Books have been written on the Boo saga, but for Nolan, the value of Boo is literally in its brevity. The 45-year-old believes three-letter domain names are the holy grail of web addresses "because they're short, sharp, cool", and . . . perhaps more importantly . . . easily transferable to non-Roman characters such as Chinese logographs.

Nolan rose to prominence in the late 1980s with his Raven Computing timesheet technology for lawyers, and sold his billing system venture Coretime to business software giant Sage in 2004.

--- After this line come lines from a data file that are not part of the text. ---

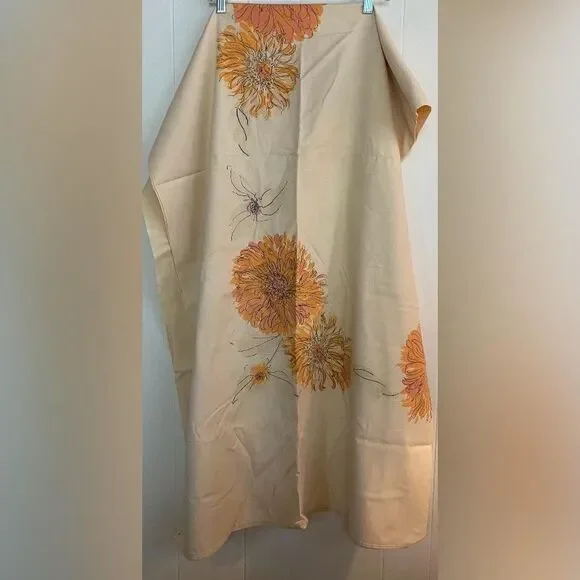 Beige Chrysanthemum Floral Spiders Tablecloth 80x60” Home Decor Retro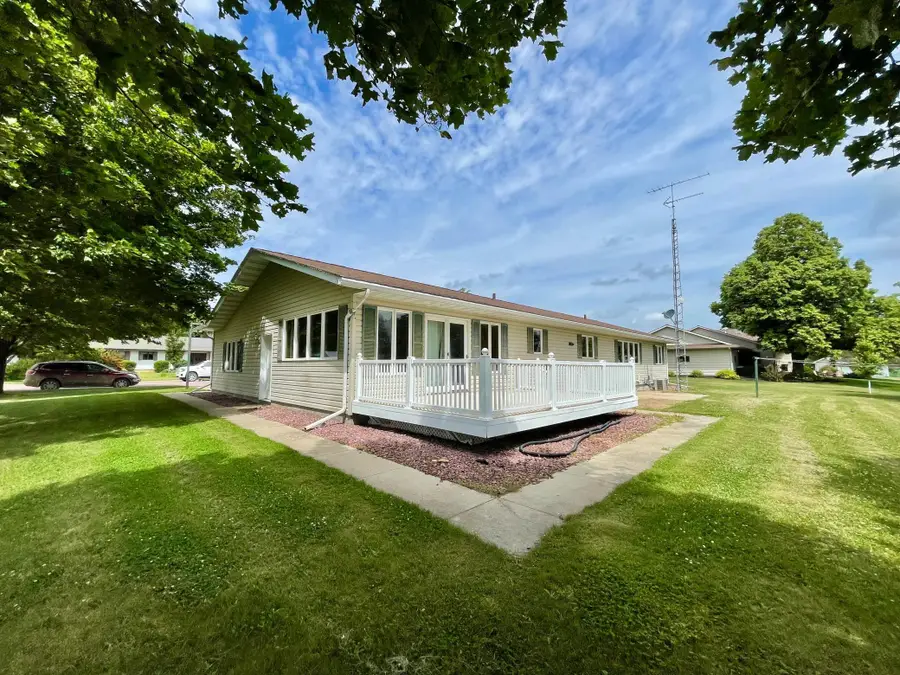212 Eastern Avenue S, Comfrey, MN 56019 - #3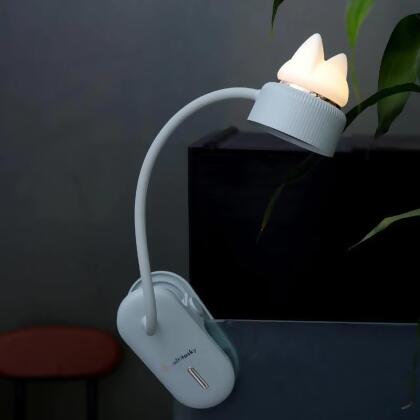 Clampy Bendy Lamp alternate image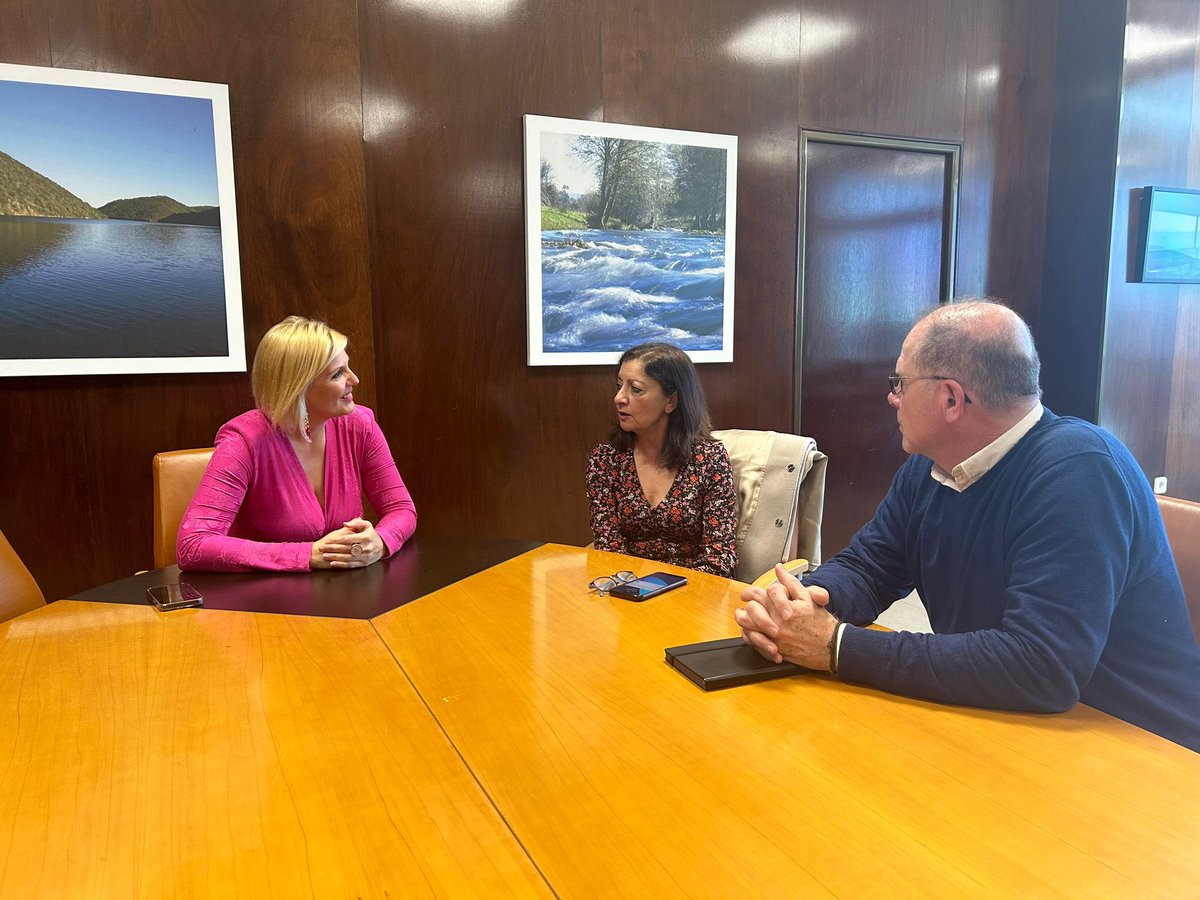 Magnífica labor la que desarrollan en el Ayuntamiento de Trujillo los concejales María Consuelo Soriano, edil de Cultura, Turismo, Educación, Deportes y Relaciones con la Universidad; y Eduardo María Díaz, concejal de Urbanismo, Economía y Hacienda, Presupuestos y Empleo.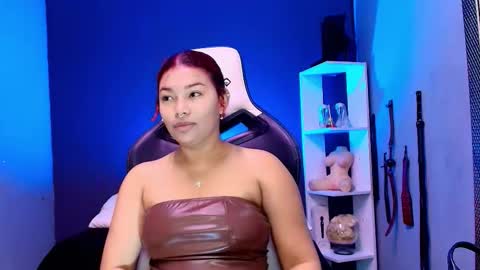 Snapshot of hot_chocolate_4u chatting on September 20, 12:41 pm hot chocolate 4u online show from September 20, 12:41 pm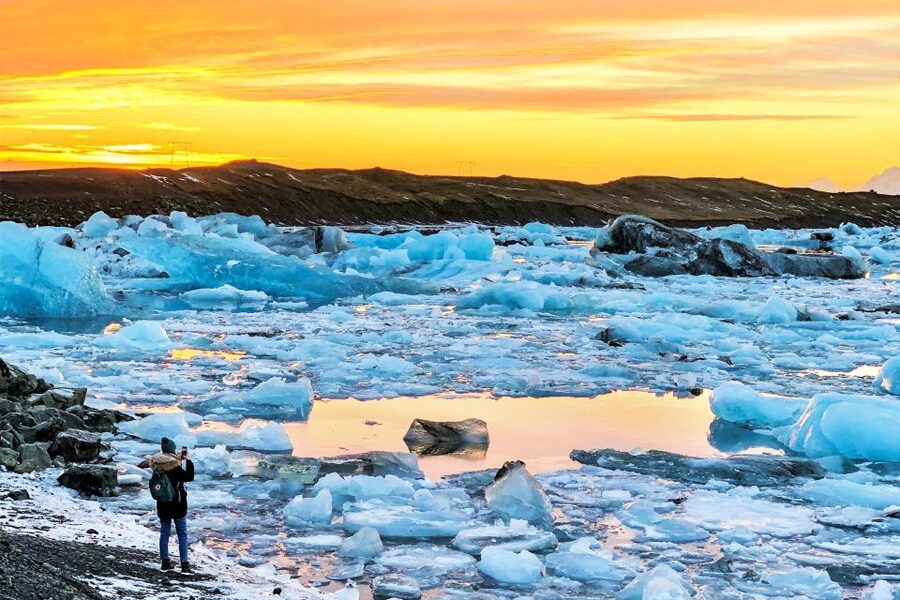 Reykjavik: Jokulsarlon Glacier Lagoon Full-Day Guided Trip - Diamond Beach: black sand plus ice sparkle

After presiding over several online travel services since the late 1990s, and arranging travel for more than 12,000,000 people across 150 countries with WRI, the programmer-turned-entrepreneur's Boo. com enterprise is an accumulation of that experience packaged behind a next-generation user interface. It looks and feels more like a MySpace or a Bebo than a common or garden internet travel tool. Nolan claims it does more, and has an attention-grabbing name to boot.

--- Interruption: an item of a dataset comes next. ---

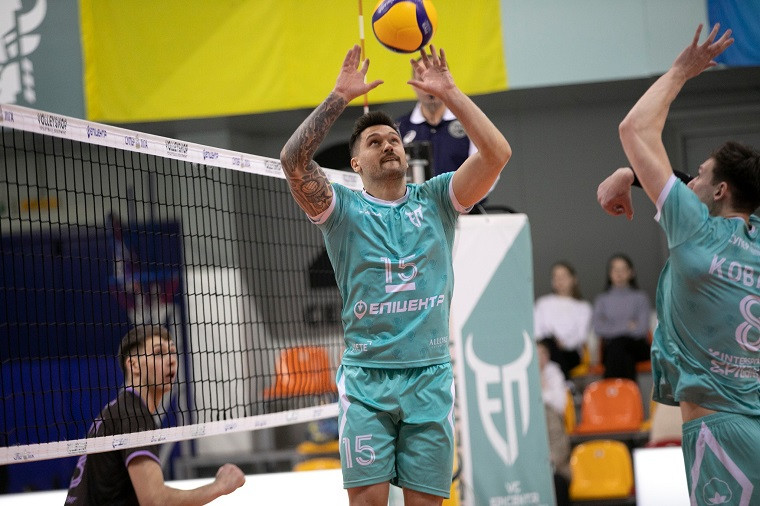 Епіцентр-Подоляни впевнено розгромили Поділля у стартовому турі Суперліги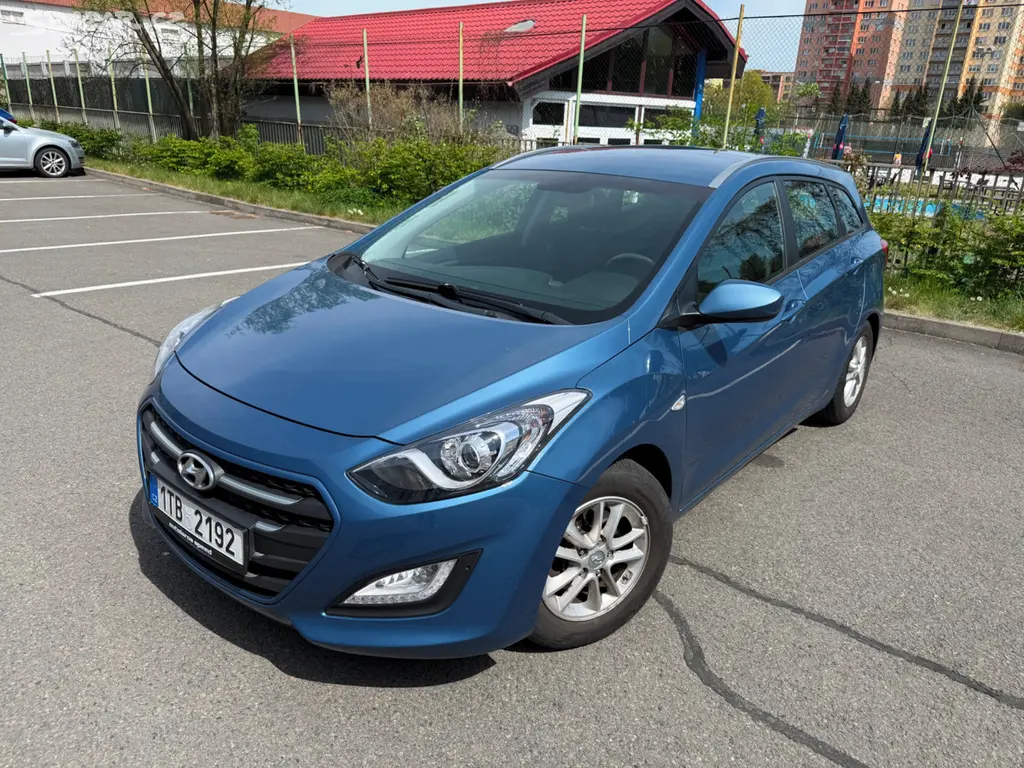 HYUNDAI i30 1,6 MPI 88kW rok 2016 1.majitel - DPH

"I would argue that Boo. com is much better than sex. com, and you could argue some of the other great domain names also have two 'O's in them."

So will we be 'Boogling' our travel requirements in future? Nolan certainly hopes so, and Boo is a new departure for the $7bn online travel industry as it combines elements of social networking, user-generated peer reviews, dynamic advertising, maps and the whole Web 2.0 shebang within a sector-specific vertical search engine.

Instead of working like a traditional travel aggregator, the Ajax web technology powering Boo. com allows users to narrow down their requirements before being sent through to the independent website of the chosen hotel.

Boo takes a 10% commission on hotel bookings placed through it, or charges hoteliers a 1 'clickthrough' fee for traffic sent to their own online reservation desks. More than 50,000 hotel websites are signed up to Boo. com "The hotels love Boo because instead of paying high commissions they're paying per click, so they can get a booking for less than a dollar whereas they could be paying $50 or $60 for a regular online booking [by commission]."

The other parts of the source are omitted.